Проведенный анализ демонстрирует эвристическую ценность методологии Беньямина для осмысления сложных символических образований в сакральном пространстве. Памятник Ленину у стен Лавры, рассмотренный через призму «диалектического образа», предстает не статичным артефактом, а динамическим полем смыслопорождения, где продолжают сталкиваться между собой различные исторические и этические нарративы.
Применение беньяминовской концепции Jetztzeit позволяет выявить, что современное восприятие памятника актуализирует незавершенный диалог с прошлым, превращая его в точку сборки для различных прочтений истории XX в. Теория «документа варварства» раскрывает присущую памятнику двойственность: будучи произведением искусства, он одновременно свидетельствует о сложных исторических процессах.
Особую значимость приобретает выявление механизма «истории победителей», описанного Беньямином. Памятник материализует не только волю победившей идеологии, но и «традицию угнетенных» — молчание тех, чьи голоса были исключены из официального исторического нарратива. Это переформулирует вопрос о его осмыслении из исторического прочтения в сторону этического выбора и исторической ответственности.
В конечном счете беньяминовская оптика позволяет увидеть в памятнике Ленину не проблему, которую нужно решить, а скорее задает вопрос: а возможна ли подлинная историчность искусства? Произведение искусства — монумент Ленину на площади Лавры — это и объект, и философское высказывание: своим присутствием он обозначает сложосплетенный узор времени, обнажая его смысловые швы. Этот камень у святых врат выглядит не как простой артефакт, но как воплощенная парадоксальность истории.
В его немом свидетельстве сходятся различные голоса истории, вера и идеология, самоотверженность и богоборчество, созидание и разрушение — все те антиномии, что составляют сложные исторические нарративы XX в. И Лавра как средоточие русской святости оказывается местом осмысления этой правды: она вбирает в себя самые противоречивые артефакты истории, и дает их интерпретациям совершенно иной язык, иную форму, и иное измерение.
«Ангел истории» Беньямина замер у Святых врат, обратив свой лик к груде обломков прошлого — этому немому камню у святых стен.
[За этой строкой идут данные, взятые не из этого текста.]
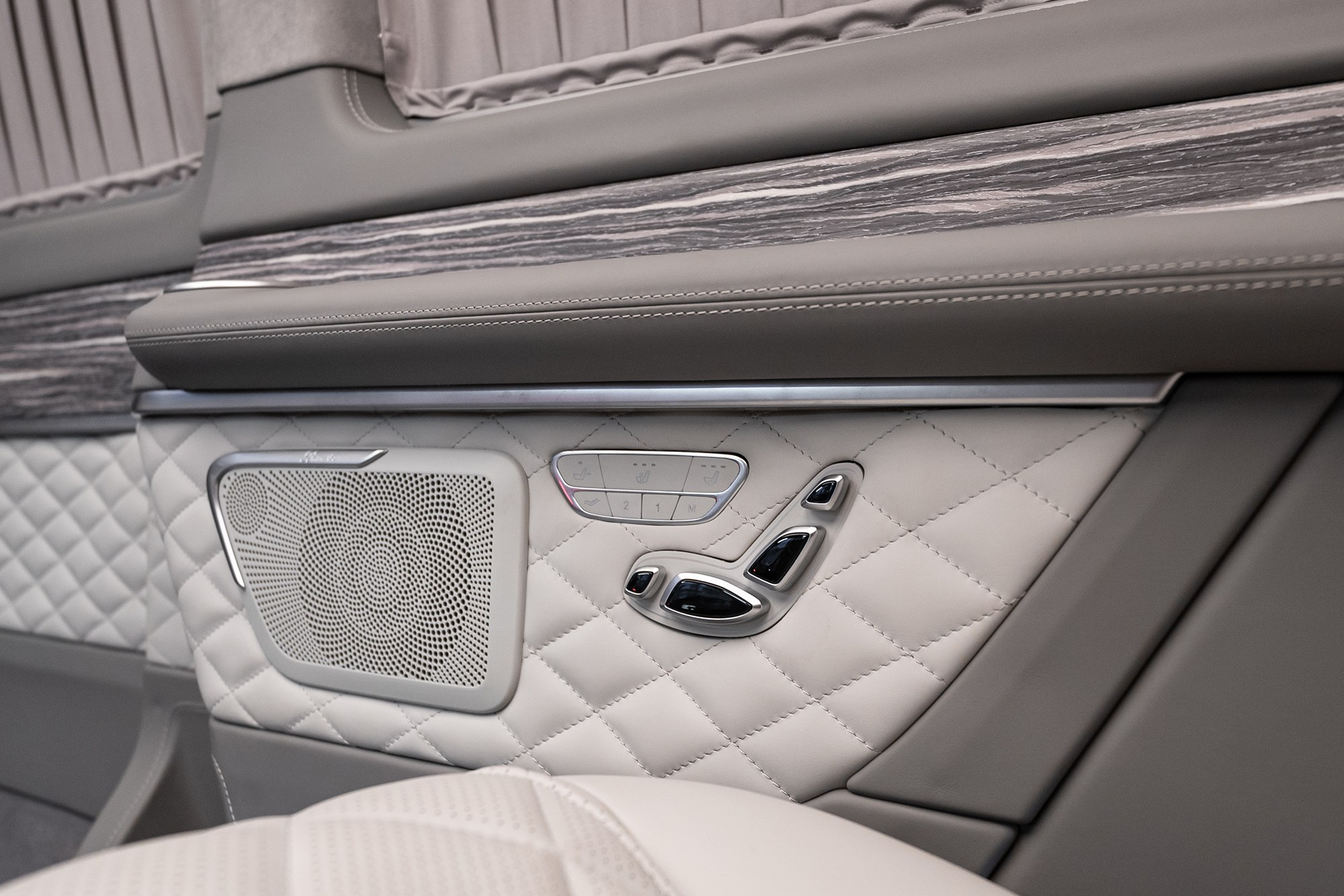 V-Class Glossy. Автомобильный фотограф в Москве | Базилев Александр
Его крылья, подъятые бурями времен, осеняют общую память, где сплетаются в единую мелодию голоса подвижников и марши триумфаторов. Этот ангел не судия и не зритель; он — сам вопрошание, обращенное к нам сквозь время. Задача мыслителя — подъять бремя этой встречи: стоять вместе с ангелом в эпицентре исторического урагана, где каждый обломок прошлого становится зеркалом для этического выбора, а молчание гранита — пространством для самого напряженного диалога, который только может вести душа: с самой собой, со своей историей, с вечным временем Бога. Гранит не произносит последнего слова, он только побуждает историю задаваться вопросом: о чем он нам говорит?
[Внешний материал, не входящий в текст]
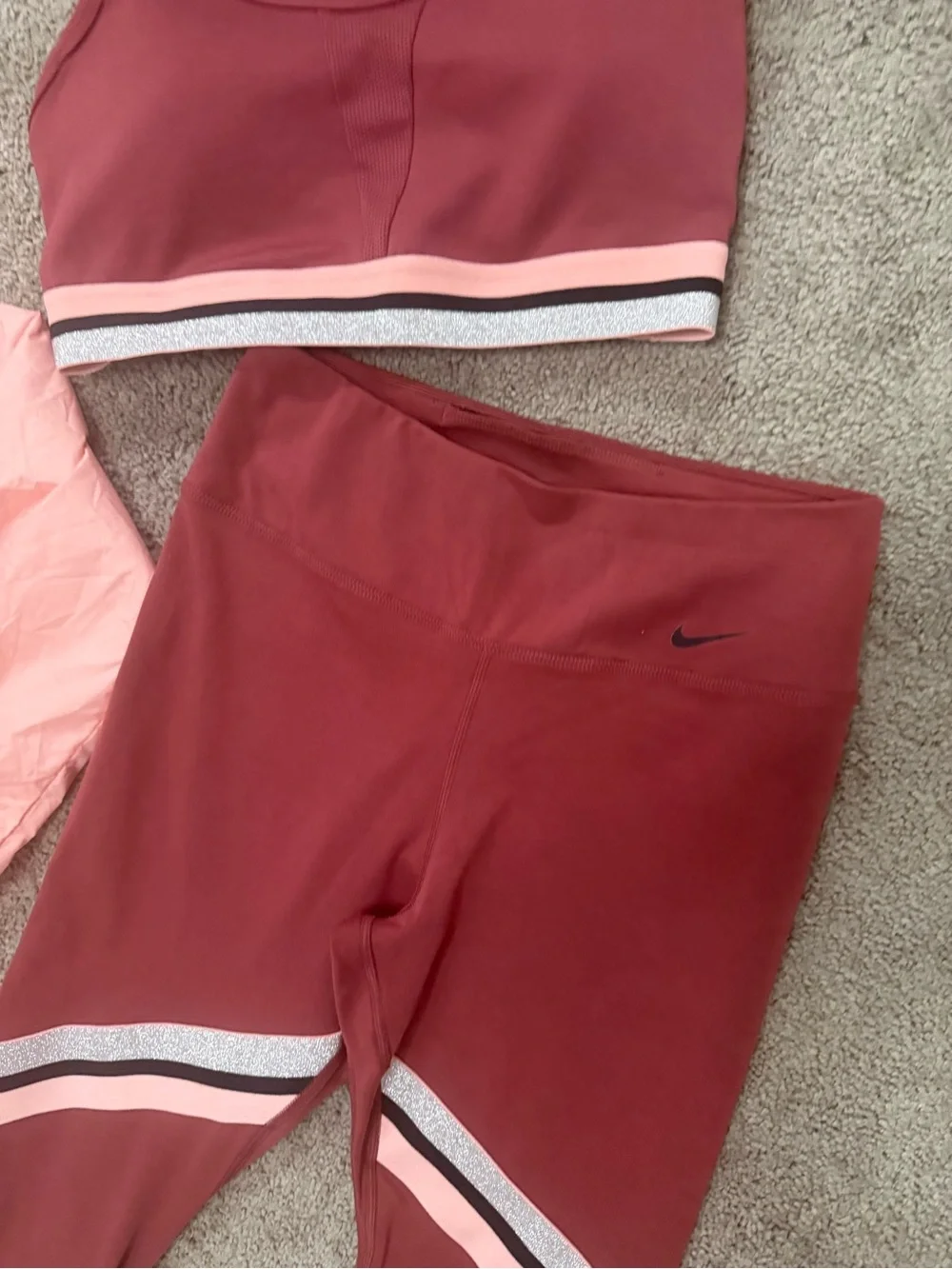 Womens Nike Sz M Hooded Windbreaker, leggings, sport bra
1. Беньямин В. О понятии истории // Беньямин В. Учение о подобии. Медиаэстетические произведения. М.: РГГУ, 2012. С. 243–252.
2. Балдин В. И. Загорск. История города и его планировки / В. И. Балдин. М.: Стройиздат, 1981. 156 с.
3. Айленд Г., Дженкинс М. Вальтер Беньямин: Критическая жизнь. М.: Издательский дом «Дело» РАНХиГС, 2023. 728 с.
4. Беньямин В. Центральный парк // Беньямин В. Маски времени. СПб.: Симпозиум, 2004. С. 111–142.
5. Балдин В. И., Манушина Т. Н. Архитектурный ансамбль Троице-Сергиевой лавры. М.: Искусство, 1996. 512 с.
6. Scholem G. Walter Benjamin: The Story of a Friendship. New York: New York Review Books, 2003. 234 p.
7. Ferber I. Melancholy Philosophy: Walter Benjamin and the Redemption of Nature. Lanham: Rowman & Littlefield, 2021. 189 p.
8. Benjamin W. Über den Begriff der Geschichte // Benjamin W. Gesammelte Schriften. Bd. I.2. Frankfurt a. M.: Suhrkamp Verlag, 1974. S. 691–704.